The Making of Movie Memories. Or Juvenile Delinquency. Take your pick.

During a conversation about movies recently, I mentioned that I love watching The Goonieswith my 4-year old son. "Isn't that movie kind of scary?" said the other mother.

Yes. Yes it is.

"And doesn't it have some dirty language?"

Yes. Yes it does.

When one of the Goonies says "damn it!" my son always shakes his head no and says, "We don't say 'damn it,' do we mommy?"

No. We don't. I answer proudly.

And yes, The Goonies also has a fake suicide, guns and a dead guy all of which I try to obscure by stretching myself in front of the television at the opportune moments.
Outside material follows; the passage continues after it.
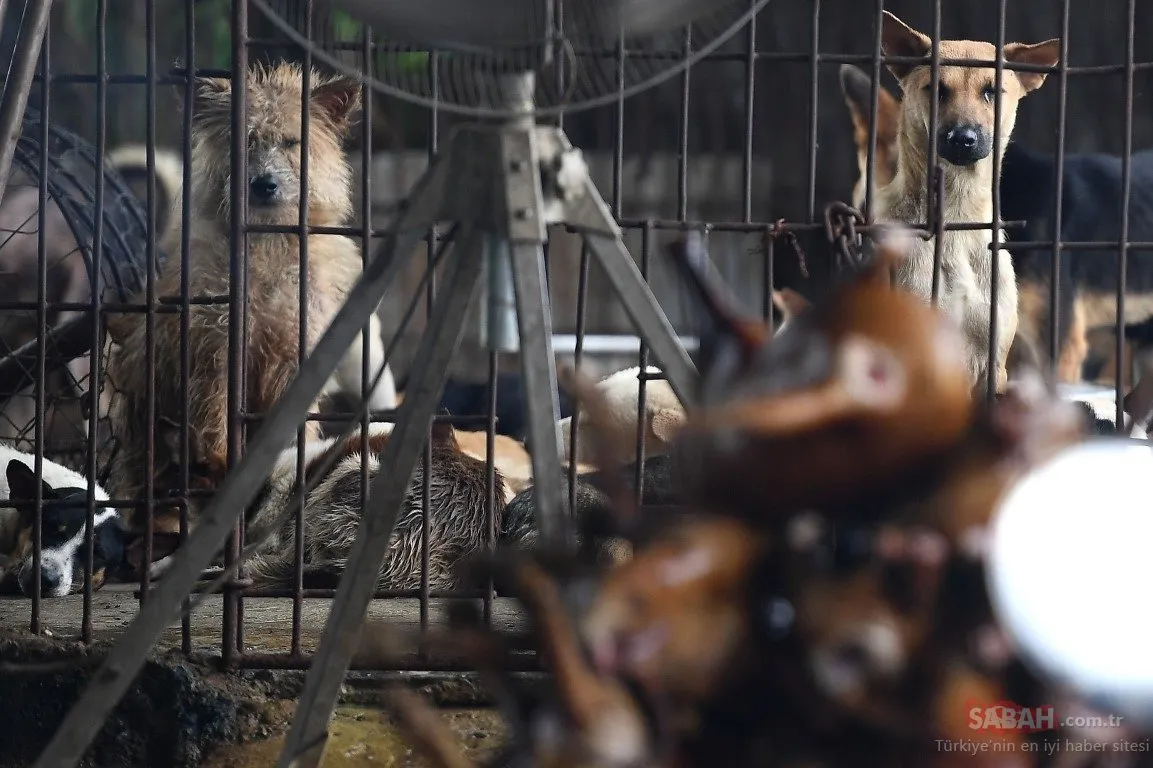 Yeni bir salgın mı geliyor? Çin�de köpek eti festivali tepkilere rağmen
Motherhood takes flexibility.

But truth be told, I don't really care. To my son it's all about the treasure hunt in a dark, spooky cave and booty traps. "That's what I said, 'booby traps!'" (For those who know the film.) Throw in a big, buttery bowl of popcorn, piles of blankets and ... ta-da! one fuzzy childhood movie memory. If there's any latent psychologically damage from low-level violence, I'm sure he'll be fine.

Goonies, after all, do teach resilience.

How could I deny him? Movies add so much color to childhood. And I want my son's to be colorful. Mine was. Not just because I am one of seven, but because my parents took us with them. Everywhere. To boxing matches, the horse races. And best of all, the movies.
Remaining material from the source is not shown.